Assignment = Give again, word for word, each line below starting at the one that contains "文档处理神器:2026年最值得尝试的5款word批量处理工具" and ending at the one that contains "تحصد إعجاب الصدر".

Listed records =
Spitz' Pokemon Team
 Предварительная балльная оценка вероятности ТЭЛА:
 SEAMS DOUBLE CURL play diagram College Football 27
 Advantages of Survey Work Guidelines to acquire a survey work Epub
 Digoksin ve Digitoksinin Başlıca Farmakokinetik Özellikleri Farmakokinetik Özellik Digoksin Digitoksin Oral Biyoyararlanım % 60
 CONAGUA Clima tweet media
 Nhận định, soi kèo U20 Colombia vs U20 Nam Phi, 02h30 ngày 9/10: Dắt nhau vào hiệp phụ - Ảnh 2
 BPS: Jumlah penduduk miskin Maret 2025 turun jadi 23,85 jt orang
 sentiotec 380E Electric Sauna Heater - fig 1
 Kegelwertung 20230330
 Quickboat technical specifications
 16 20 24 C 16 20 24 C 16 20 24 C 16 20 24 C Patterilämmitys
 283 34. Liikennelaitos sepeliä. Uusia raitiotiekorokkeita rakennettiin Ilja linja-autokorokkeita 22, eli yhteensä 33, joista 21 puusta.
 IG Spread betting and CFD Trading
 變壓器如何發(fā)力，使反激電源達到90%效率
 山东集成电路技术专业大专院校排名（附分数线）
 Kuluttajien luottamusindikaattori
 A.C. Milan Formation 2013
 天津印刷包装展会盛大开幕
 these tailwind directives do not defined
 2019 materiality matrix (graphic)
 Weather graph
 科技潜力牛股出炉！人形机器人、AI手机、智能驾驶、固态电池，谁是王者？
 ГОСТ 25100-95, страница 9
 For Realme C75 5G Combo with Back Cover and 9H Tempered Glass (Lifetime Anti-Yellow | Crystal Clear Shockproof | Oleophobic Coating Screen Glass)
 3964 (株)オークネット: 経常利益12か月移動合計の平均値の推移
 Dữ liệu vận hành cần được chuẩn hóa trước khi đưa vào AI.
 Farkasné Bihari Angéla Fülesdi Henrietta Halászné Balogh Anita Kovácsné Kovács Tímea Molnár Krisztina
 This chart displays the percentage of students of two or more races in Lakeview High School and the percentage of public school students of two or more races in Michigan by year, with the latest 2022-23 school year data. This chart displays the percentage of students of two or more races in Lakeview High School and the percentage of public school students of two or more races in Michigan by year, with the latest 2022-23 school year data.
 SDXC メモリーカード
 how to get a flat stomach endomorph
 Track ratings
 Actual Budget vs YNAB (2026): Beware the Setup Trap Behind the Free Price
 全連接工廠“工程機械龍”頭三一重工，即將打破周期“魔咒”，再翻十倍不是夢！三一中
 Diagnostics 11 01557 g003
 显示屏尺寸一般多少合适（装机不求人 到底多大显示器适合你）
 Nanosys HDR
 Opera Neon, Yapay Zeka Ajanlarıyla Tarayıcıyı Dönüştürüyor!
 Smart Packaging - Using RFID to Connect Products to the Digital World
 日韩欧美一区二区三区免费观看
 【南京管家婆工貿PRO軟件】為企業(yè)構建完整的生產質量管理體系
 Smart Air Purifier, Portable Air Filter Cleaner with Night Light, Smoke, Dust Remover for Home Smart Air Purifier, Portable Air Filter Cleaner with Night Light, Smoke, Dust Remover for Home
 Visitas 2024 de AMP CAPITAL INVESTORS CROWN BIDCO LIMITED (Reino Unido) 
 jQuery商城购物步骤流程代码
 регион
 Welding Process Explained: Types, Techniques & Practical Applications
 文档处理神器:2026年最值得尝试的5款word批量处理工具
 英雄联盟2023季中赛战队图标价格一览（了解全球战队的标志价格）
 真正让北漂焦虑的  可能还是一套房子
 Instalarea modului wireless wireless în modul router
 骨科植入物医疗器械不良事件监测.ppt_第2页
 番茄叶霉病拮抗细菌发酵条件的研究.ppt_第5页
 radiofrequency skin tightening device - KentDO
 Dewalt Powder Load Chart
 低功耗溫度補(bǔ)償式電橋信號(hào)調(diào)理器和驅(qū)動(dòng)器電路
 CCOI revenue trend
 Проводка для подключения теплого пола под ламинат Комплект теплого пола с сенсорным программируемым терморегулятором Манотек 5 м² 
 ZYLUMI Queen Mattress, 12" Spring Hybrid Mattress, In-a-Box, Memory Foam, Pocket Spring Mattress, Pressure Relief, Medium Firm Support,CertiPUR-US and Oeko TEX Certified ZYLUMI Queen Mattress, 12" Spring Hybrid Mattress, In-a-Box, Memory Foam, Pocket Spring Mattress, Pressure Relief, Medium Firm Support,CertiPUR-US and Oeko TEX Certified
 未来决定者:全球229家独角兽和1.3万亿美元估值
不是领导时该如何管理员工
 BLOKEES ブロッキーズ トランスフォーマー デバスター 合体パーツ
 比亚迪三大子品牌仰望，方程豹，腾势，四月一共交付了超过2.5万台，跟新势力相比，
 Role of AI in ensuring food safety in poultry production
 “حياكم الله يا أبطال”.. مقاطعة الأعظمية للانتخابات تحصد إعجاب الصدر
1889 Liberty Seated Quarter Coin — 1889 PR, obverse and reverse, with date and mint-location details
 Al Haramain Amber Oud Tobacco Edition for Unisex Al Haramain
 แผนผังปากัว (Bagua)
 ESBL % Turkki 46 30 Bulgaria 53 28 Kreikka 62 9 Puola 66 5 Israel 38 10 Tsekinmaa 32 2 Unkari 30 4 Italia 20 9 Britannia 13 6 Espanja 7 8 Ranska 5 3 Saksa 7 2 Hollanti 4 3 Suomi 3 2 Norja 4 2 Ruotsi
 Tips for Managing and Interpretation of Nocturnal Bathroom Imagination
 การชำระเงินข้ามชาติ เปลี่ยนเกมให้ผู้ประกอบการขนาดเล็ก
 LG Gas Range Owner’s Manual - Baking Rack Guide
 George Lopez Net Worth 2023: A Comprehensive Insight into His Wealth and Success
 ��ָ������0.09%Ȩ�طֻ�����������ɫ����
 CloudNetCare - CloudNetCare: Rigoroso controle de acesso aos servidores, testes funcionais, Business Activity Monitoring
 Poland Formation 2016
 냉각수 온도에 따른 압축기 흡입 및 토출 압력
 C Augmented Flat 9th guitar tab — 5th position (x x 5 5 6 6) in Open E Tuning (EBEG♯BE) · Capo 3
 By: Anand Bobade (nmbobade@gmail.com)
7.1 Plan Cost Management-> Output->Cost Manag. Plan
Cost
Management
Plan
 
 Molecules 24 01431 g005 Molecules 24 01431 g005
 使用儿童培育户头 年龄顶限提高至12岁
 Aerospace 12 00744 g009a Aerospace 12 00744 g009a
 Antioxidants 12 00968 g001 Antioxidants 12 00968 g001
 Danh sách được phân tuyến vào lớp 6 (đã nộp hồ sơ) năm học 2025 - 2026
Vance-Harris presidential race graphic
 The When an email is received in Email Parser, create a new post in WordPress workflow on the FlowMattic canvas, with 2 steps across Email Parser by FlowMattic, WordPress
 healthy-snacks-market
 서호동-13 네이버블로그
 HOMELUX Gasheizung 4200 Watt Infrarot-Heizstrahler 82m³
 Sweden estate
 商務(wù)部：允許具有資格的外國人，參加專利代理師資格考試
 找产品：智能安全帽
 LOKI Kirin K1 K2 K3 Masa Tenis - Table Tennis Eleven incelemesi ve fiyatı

Task output =
 文档处理神器:2026年最值得尝试的5款word批量处理工具
 英雄联盟2023季中赛战队图标价格一览（了解全球战队的标志价格）
 真正让北漂焦虑的  可能还是一套房子
 Instalarea modului wireless wireless în modul router
 骨科植入物医疗器械不良事件监测.ppt_第2页
 番茄叶霉病拮抗细菌发酵条件的研究.ppt_第5页
 radiofrequency skin tightening device - KentDO
 Dewalt Powder Load Chart
 低功耗溫度補(bǔ)償式電橋信號(hào)調(diào)理器和驅(qū)動(dòng)器電路
 CCOI revenue trend
 Проводка для подключения теплого пола под ламинат Комплект теплого пола с сенсорным программируемым терморегулятором Манотек 5 м² 
 ZYLUMI Queen Mattress, 12" Spring Hybrid Mattress, In-a-Box, Memory Foam, Pocket Spring Mattress, Pressure Relief, Medium Firm Support,CertiPUR-US and Oeko TEX Certified ZYLUMI Queen Mattress, 12" Spring Hybrid Mattress, In-a-Box, Memory Foam, Pocket Spring Mattress, Pressure Relief, Medium Firm Support,CertiPUR-US and Oeko TEX Certified
 未来决定者:全球229家独角兽和1.3万亿美元估值
不是领导时该如何管理员工
 BLOKEES ブロッキーズ トランスフォーマー デバスター 合体パーツ
 比亚迪三大子品牌仰望，方程豹，腾势，四月一共交付了超过2.5万台，跟新势力相比，
 Role of AI in ensuring food safety in poultry production
 “حياكم الله يا أبطال”.. مقاطعة الأعظمية للانتخابات تحصد إعجاب الصدر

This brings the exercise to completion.